Ob auch sonnenfernere Planeten wie Mars, Jupiter und Saturn in einem geeigneten Fernrohr gut sichtbar sind, hängt von deren Bahn (insbesondere dem Abstand zur Sonne) und der Himmelshelligkeit ab, in geringem Maße auch von der Luftunruhe. Die äußersten Planeten Uranus und Neptun erhalten aber schon zu wenig Sonnenlicht, um sich im Himmelsblau noch kontrastreich abzuheben. Die Grenze für einen gerade ausreichenden Helligkeits-Kontrast liegt bei guten Wetterbedingungen etwa beim Saturn, während es bei Jupiter kaum Probleme gibt. Er ist durch seine rötlichen Farbtöne auffälliger und seine Flächenhelligkeit übertrifft jene des Taghimmels meist sogar bei dünnen Cirruswolken. Ab etwa einem Achtzöller (bei guten Linsenfernrohren schon ab ca. 6 Zoll Öffnung) kommen auch die vier hellen Jupitermonde und ihre reizvollen Konstellationen und Finsternisse in den Bereich der Sichtbarkeit.
Allerdings bewirkt das Himmelsblau, dass feine Details der Planetenoberflächen verschwimmen – besonders wenn sie keine Rottöne beinhalten. Einen Eindruck davon gibt die bekannte Erfahrung, wie „blass“ der Mond am Taghimmel aussieht (siehe Bild weiter oben). Merkur, Venus und Mars sind infolge ihrer großen Flächenhelligkeit gut zu beobachten, bei Jupiter verschwinden jedoch die dünneren der 4–6 Äquatorstreifen meist im Himmelsblau.
Gut messbar sind bei ruhigen Luftbedingungen z. B. die Größe, Abplattung und Rotation der Planeten, und auch die Beobachtung von vorausberechneten Sternbedeckungen kann gelingen. Rund um die Marsoppositionen sind sogar am „Roten Planeten“ trotz seiner Kleinheit Details zu erkennen, am Jupiter zumindest die zwei dunkelsten Äquatorstreifen und am Saturn bisweilen die Cassinische Teilung seiner Ringe.
Wesentlich schwieriger als visuelle sind fotografische Beobachtungen, besonders bei den ferneren Planeten. Die Luftunruhe und Verwacklungsgefahr kann man durch Aufnahmeserien (bei Digitalkameras z. B. mit der „Sportfunktion“) oder mit Webcams und ihre nachträgliche Überlagerung verringern. Der mangelnde fotografische Kontrast lässt sich durch Bildverarbeitung etwas verbessern.
Manche der großen Kometen sind ebenfalls am Taghimmel beobachtbar, insbesondere auf den Bahnstücken nahe der Sonne.

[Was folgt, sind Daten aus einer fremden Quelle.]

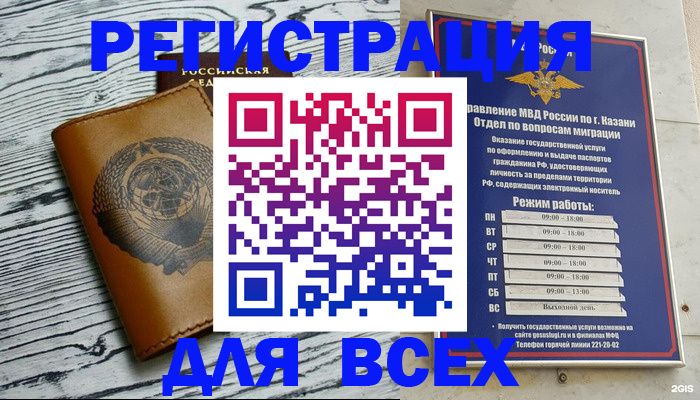 форма 3 в Урени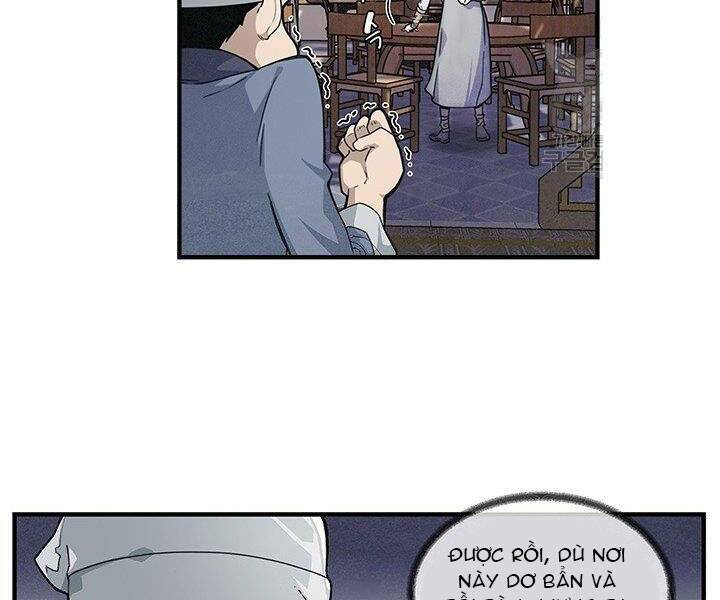 Mục Hạ Vô Nhân: Chapter 1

Dann können die Beobachtungsbedingungen sogar besser sein als in der Dämmerung, wo sie nur knapp über dem Horizont stehen. Solche besonders hellen Schweifsterne kommen alle paar Jahre ins innere Sonnensystem.
Wenn sie die Helligkeit der Venus erreichen und mindestens 10° Abstand von der Sonne haben, sind sie zeitweilig sogar mit bloßem Auge am Himmel zu finden.

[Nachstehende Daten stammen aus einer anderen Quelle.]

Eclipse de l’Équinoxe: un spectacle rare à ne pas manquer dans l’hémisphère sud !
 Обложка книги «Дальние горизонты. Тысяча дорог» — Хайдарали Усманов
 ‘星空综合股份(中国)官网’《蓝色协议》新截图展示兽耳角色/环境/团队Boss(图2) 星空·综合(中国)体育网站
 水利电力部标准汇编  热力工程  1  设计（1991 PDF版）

Für künstliche Erdsatelliten – besonders in niedrigen Umlaufbahnen – war von jeher die Abenddämmerung die beste Beobachtungszeit, weil sie im Laufe der Nacht in den Erdschatten geraten. Traditionelle Tagbeobachtungen sind hingegen äußerst schwierig. Mit größerer Optik und geeigneten CCD-Sensoren können sie jedoch gelingen, wenn der Himmel zusätzlich mit Polarisationsfilter gedämpft wird und sehr genaue Bahnelemente vorliegen.
In den ersten 2 Jahrzehnten der Raumfahrt haben sich im Rahmen der Moonwatch-Organisation (betreut vom SAO in Massachusetts) weltweit einige 100 Beobachterteams darauf spezialisiert, niedrig fliegende Satelliten in der Morgen- und Abenddämmerung zu beobachten. Besonders wichtig war dies für die Berechnung der Decays, der Wiedereintritte (Reentry) von Satelliten in die Erdatmosphäre knapp vor ihrem Verglühen. Diese visuellen Beobachtungen, die trotz der raschen Satellitenbewegung bis zu 10″ genau sein können, haben sich aber um 1975 durch automatische Funkverfahren erübrigt.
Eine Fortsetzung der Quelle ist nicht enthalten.